Treatment Recommendations

  • This treatment recommendation (below) is unchanged from 2019.86,87

  • For preterm newborn infants (less than 35 weeks’ gestation) who receive respiratory support at birth, we suggest starting with a lower oxygen concentration (21% to 30%) rather than higher initial oxygen concentration (60% to 100%) (weak recommendation, very low-certainty evidence).

  • We suggest the range of 21% to 30% oxygen because all trials used this for the low oxygen concentration group.

  • Subsequent titration of oxygen concentration using pulse oximetry is advised (weak recommendation, very low-certainty evidence).


6.- Oxygen for Term Resuscitation (NLS 1554: 2019 CoSTR)


Administration of high oxygen concentrations leads to free radical formation and may be toxic to many tissues and organs of the newborn. Questions persist about the risks of hypoxia versus risks of exposure to excess oxygen for late preterm and term newborn infants who receive respiratory support in the delivery room. In 2019, the NLS Task Force published a SysRev with meta-analysis of the relevant available evidence on this topic89 and also published an NLS CoSTR.86,87 For complete review of the consensus on science for the secondary outcomes and subgroup analyses, please see the NLS Task Force section of the recently published 2019 CoSTR summary.86,87


Population, Intervention, Comparator, Outcome, Study Design, and Time Frame

  • Population: Newborn infants (35 weeks’ or greater gestation) who receive respiratory support at birth

  • Intervention: Lower initial oxygen concentration (50% O2 or less)

  • Comparator: Higher initial oxygen concentration (greater than 50% O2)

  • Outcome21:

    • Primary: All-cause short-term mortality (in hospital or 30 days) (critical)

    • Secondary: All-cause long-term mortality (1–3 years) (critical)

    • Long-term NDI (1–3 years) (critical)

    • HIE (Sarnat Stage 2–3)90 (critical)

  • Study design: RCTs, quasi-RCTs, and nonrandomized studies included; animal studies, unpublished studies, and published abstracts (eg, conference abstracts) excluded

  • Time frame: Literature search was from 1980 to August 10, 2018.

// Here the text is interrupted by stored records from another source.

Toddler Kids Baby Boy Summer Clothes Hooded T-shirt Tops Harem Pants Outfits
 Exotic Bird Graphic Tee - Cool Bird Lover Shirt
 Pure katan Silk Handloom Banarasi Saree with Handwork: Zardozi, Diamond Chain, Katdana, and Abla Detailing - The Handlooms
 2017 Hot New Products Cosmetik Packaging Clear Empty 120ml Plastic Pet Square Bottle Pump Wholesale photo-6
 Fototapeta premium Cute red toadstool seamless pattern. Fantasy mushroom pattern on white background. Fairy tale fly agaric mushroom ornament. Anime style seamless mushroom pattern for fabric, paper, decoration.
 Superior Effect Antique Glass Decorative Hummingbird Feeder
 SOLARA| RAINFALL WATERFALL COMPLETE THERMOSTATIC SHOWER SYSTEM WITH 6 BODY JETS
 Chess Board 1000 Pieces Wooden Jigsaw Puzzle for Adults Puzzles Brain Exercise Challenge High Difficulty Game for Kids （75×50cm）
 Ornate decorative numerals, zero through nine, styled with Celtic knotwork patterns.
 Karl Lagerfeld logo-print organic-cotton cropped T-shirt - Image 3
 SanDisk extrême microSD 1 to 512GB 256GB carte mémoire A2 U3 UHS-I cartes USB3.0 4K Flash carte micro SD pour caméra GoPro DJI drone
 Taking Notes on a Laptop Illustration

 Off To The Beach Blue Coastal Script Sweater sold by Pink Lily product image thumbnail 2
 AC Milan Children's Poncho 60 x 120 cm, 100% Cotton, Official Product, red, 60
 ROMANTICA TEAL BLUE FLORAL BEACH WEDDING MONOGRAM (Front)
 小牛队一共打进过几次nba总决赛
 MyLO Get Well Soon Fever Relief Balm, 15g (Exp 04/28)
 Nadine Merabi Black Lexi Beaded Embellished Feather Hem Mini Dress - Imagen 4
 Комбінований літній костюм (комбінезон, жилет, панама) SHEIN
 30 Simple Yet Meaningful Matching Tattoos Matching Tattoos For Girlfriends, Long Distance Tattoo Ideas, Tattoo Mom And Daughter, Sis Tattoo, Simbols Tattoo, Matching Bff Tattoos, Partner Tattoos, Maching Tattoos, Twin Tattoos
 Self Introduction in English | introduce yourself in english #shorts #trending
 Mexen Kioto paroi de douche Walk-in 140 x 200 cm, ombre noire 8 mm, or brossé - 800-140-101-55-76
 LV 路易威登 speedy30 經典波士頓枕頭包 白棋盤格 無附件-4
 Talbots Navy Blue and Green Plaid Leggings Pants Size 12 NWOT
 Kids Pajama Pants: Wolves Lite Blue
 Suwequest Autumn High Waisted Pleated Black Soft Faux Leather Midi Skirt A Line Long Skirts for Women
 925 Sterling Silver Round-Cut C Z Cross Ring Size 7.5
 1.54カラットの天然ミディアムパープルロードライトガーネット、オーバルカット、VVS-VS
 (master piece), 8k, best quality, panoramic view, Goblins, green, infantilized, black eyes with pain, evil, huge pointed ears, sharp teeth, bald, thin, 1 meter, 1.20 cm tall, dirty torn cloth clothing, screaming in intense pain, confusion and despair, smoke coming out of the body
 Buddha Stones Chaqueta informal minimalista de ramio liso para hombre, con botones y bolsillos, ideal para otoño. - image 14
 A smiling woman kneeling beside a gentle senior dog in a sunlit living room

  • PROSPERO Registration: CRD42018084902

Treatment Recommendations

  • This treatment recommendation (below) is unchanged from 2019.86,87

  • For newborn infants at 35 weeks’ or greater gestation receiving respiratory support at birth, we suggest starting with 21% oxygen (air) (weak recommendation, low certainty of evidence).

  • We recommend against starting with 100% oxygen (strong recommendation, low certainty of evidence).